STORED DATA: Begin

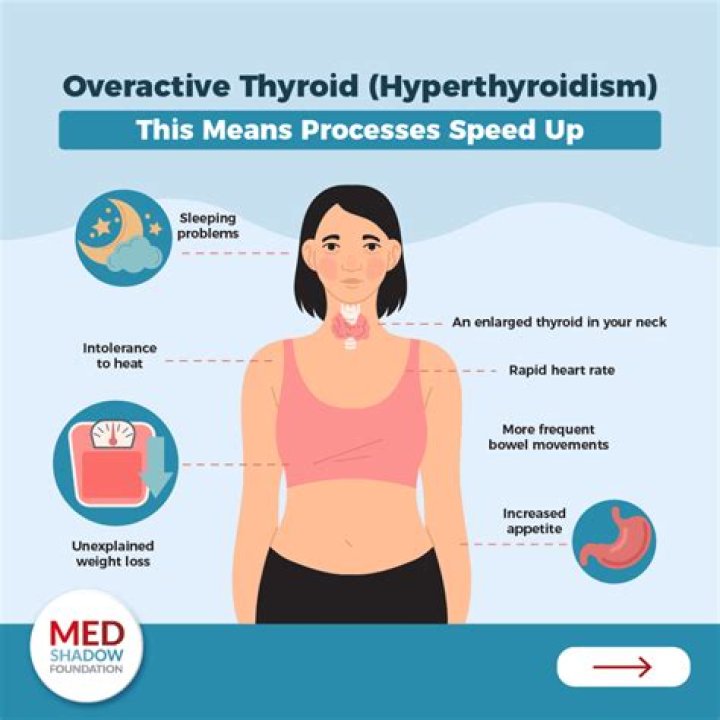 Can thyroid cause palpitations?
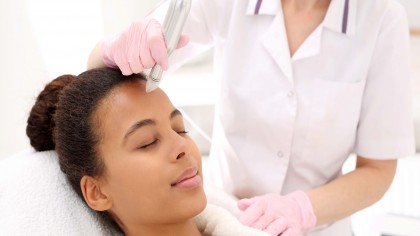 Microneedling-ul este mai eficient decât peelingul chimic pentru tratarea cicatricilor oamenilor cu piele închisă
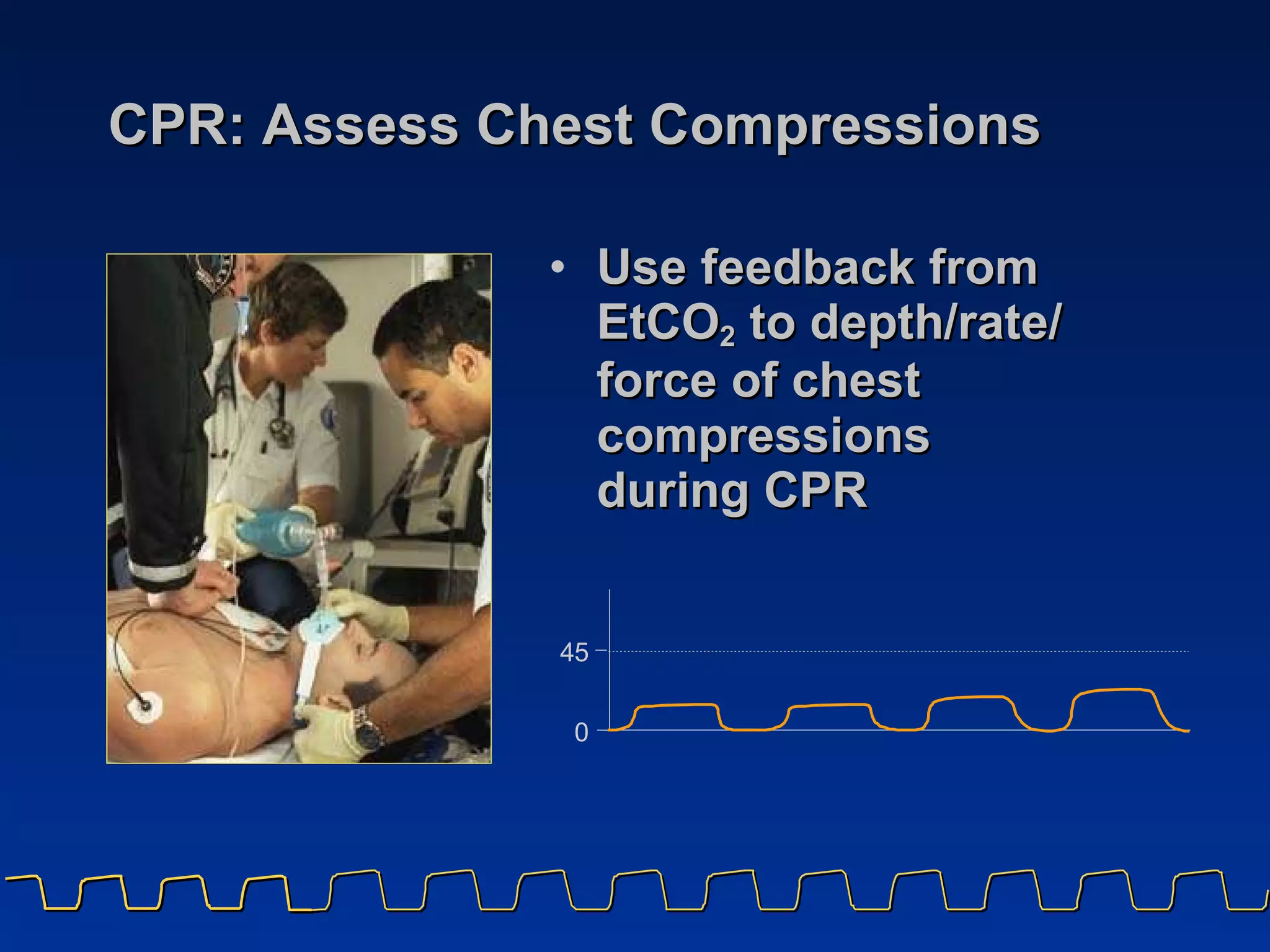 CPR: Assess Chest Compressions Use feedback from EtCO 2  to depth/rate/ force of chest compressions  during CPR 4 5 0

STORED DATA: End
STORED DATA: Begin

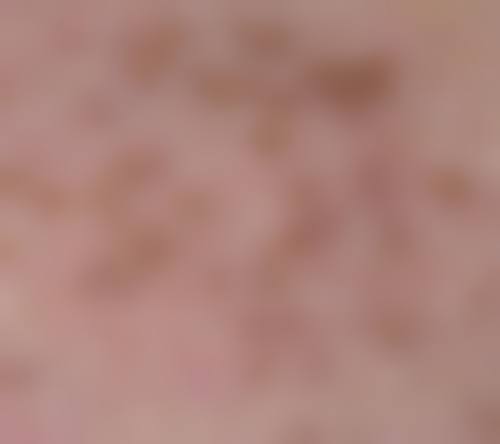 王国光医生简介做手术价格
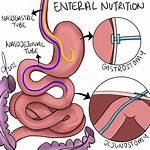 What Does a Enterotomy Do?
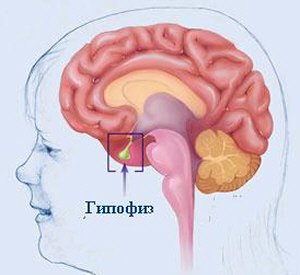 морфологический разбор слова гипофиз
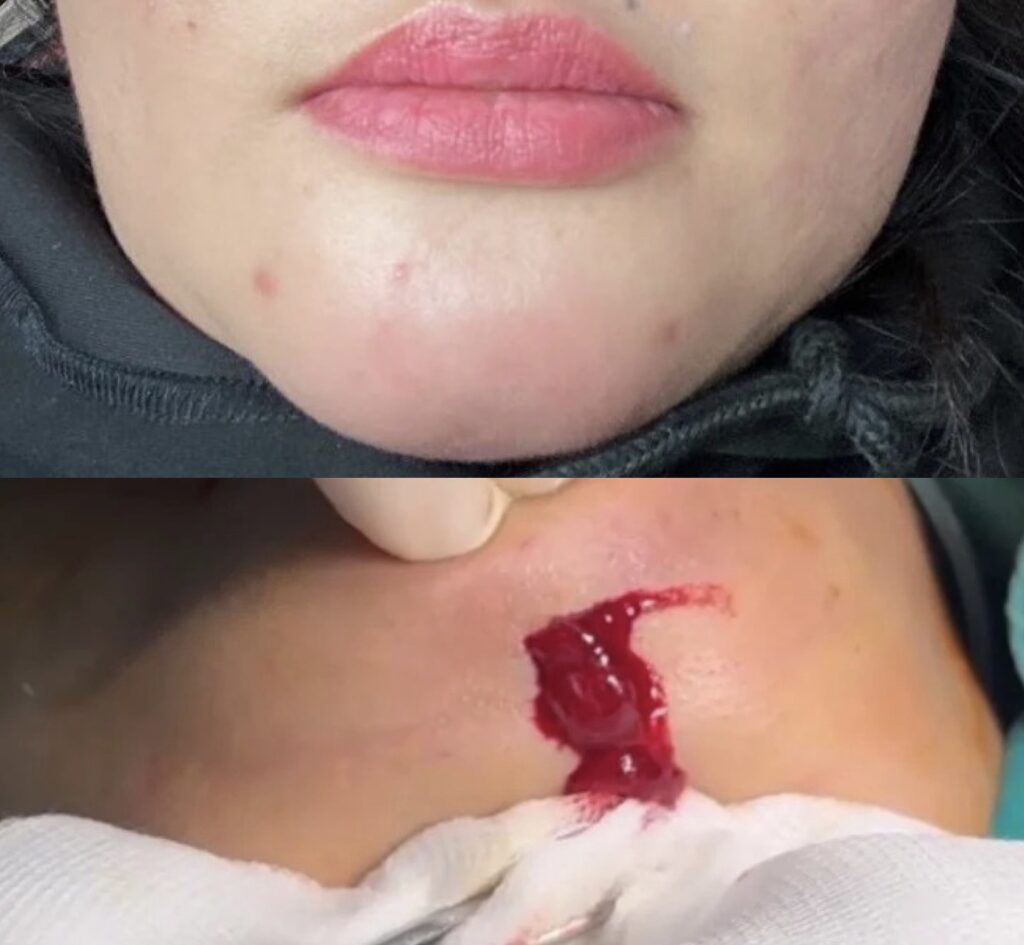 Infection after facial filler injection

STORED DATA: End
STORED DATA: Begin

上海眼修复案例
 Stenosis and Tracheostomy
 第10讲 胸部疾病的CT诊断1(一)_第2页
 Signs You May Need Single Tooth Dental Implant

STORED DATA: End

WORK TO BE COMPLETED:
Beginning at the line above that contains "第10讲 胸部疾病的CT诊断1(一)_第2页", return each line exactly through the line that contains "Signs You May", and no others.

SOLUTION TO THIS PROBLEM:
 第10讲 胸部疾病的CT诊断1(一)_第2页
 Signs You May Need Single Tooth Dental Implant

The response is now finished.